Le coach en son for intérieur: « Donc l’objectif est de diminuer l’angoisse de performance », « lâcher l’hyper virilité ».»

Certains ont un objectif différent de celui du coaché: «Le coaché veut gagner le prochain match. Le coach en revanche veut assurer la réussite dans une perspective à plus long terme.»
L’objectif choisi par le coach est ici un objectif de développement plus général et plus ambitieux.

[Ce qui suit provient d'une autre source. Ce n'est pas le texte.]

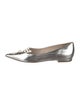 Sophia Webster Patent Leather Ballet Flats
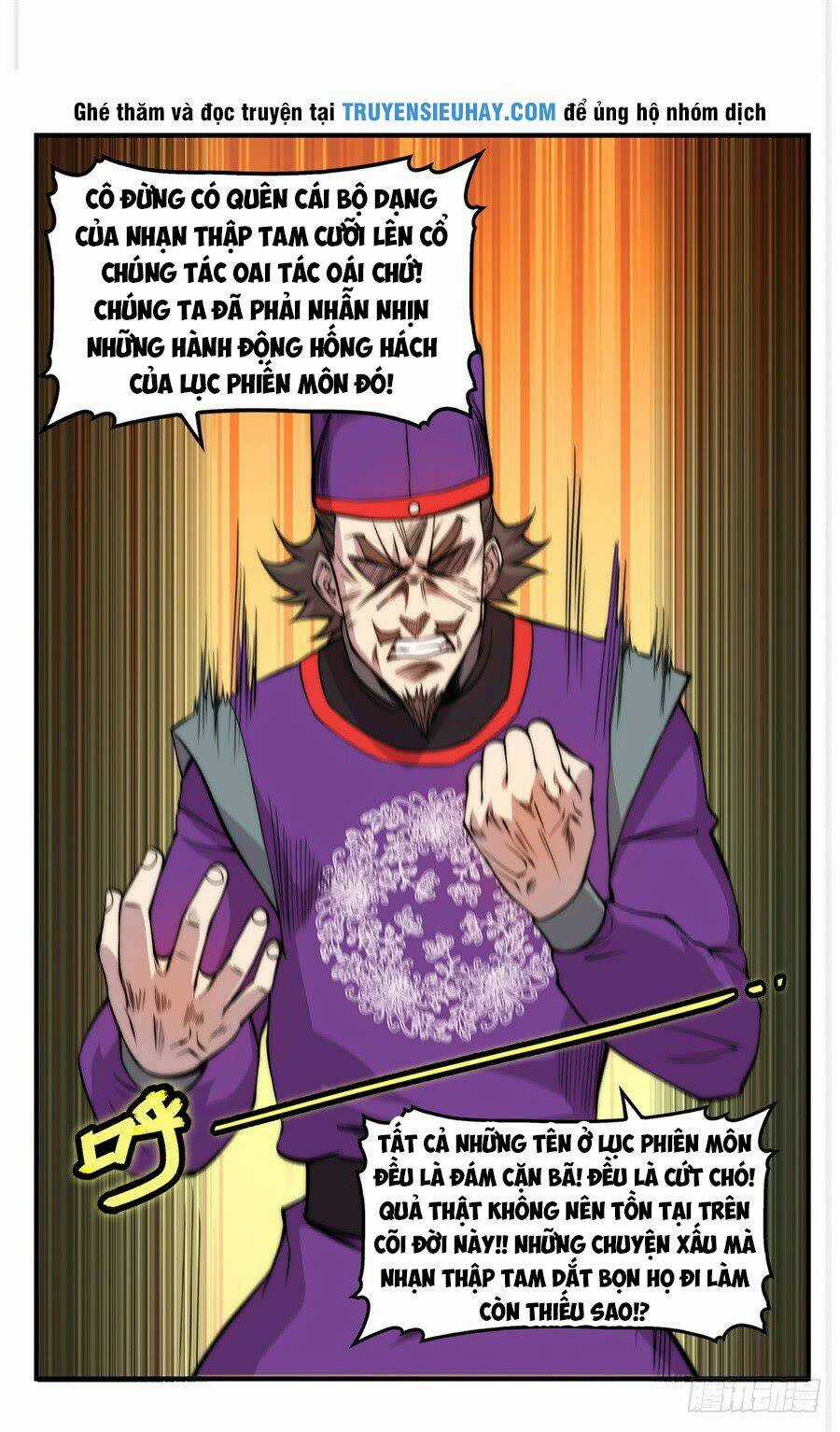 Cuộc Sống Thoái Ẩn Của Võ Lâm Chi Vương Chapter 31 trang 34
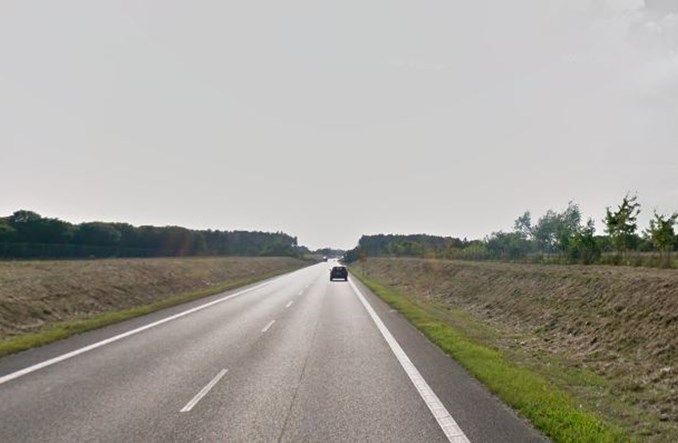 Bliżej drugiej jezdni na obwodnicy Wyrzyska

Certains font visualiser l’objectif: «Faire décrire la situation souhaitée pour en avoir une représentation claire. La faire idéaliser, visualiser.»
On reconnaît ici une technique de PNL pour faire visualiser l’état interne visé. Dans l’ouvrage concerné, la surprise est de voir cette technique utilisée en même temps qu’une approche systémique de type «thérapie brève». En effet, il nous semble que la visualisation de l’objectif augmente la tension au lieu de la diminuer.

Certains déduisent le «vrai objectif» par des correspondances assez mécanistes: «Problème de prise de décision? Renforcer la confiance en soi. Problème de nouvelle responsabilité? –> Objectif de reconnaissance ou de surmonter le sentiment d’imposture. Problème de temps? –> donc Objectif de délégation et donc de confiance dans autrui.»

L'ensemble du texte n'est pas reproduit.